For 3, we can either add it {[], [1], [2], [1, 2]}

or not add it {[3], [1, 3], [2, 3], [1, 2, 3]}.

So we will have subset(1, 2, 3), which is {[], [1], [2], [1, 2], [3], [1, 3], [2, 3], [1, 2, 3]}. It’s like for each element, we can either pick up or not pick up it.

For Subsets II problem, let’s say we want to get subset for [1, 2, 3, 3]. Assume we have subset(1, 2) = {[], [1], [2], [1, 2]}. Based on subset(1, 2), we can either add zero 3, add one 3, or two 3 in the subset(1, 2). So the process is like:

public static List<List<Integer>> subsetsWithDup(int[] nums) {
    List<List<Integer>> ans = new ArrayList<>(Collections.singleton(new ArrayList<>()));
    Arrays.sort(nums);
    int i = 0;
    while (i < nums.length) {
        int next = i + 1;
        while (next < nums.length && nums[next] == nums[i]) {
            next++;
        }
        int size = ans.size();
        for (int j = 0; j < size; j++) {
            List<Integer> curr = new ArrayList<>(ans.get(j));
            for (int k = 1; k <= next - i; k++) {
                curr.add(nums[i]);
                ans.add(new ArrayList<>(curr));
            }
        }
        i = next;
    }
    return ans;
}

Check my code on github.

leetcode 91.

A message containing letters from A-Z is being encoded to numbers using the following mapping:

'A' -> 1
'B' -> 2
...
'Z' -> 26

Given an encoded message containing digits, determine the total number of ways to decode it.

For example,
Given encoded message "12", it could be decoded as "AB" (1 2) or "L" (12).
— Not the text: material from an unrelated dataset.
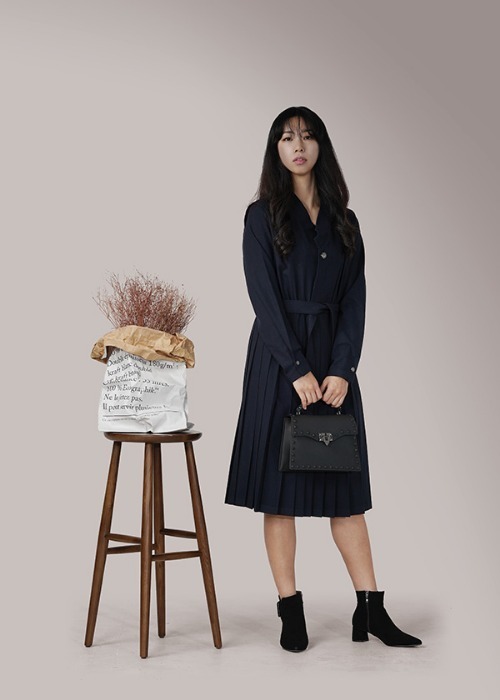 [7196 label] navy wool pleats dress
The number of ways decoding "12" is 2.

Solution. This is another dp problem. If we want to compute str[X1, X2, …, Xi-2, Xi-1, Xi].

1. Check if Xi is a valid one letter number.
If it is, str[X1, X2, …, Xi-2, Xi-1, Xi] += str[X1, X2, …, Xi-2, Xi-1]

2. Check if Xi-1Xi is a valid two letter number.
If it is, str[X1, X2, …, Xi-2, Xi-1, Xi] += str[X1, X2, …, Xi-2]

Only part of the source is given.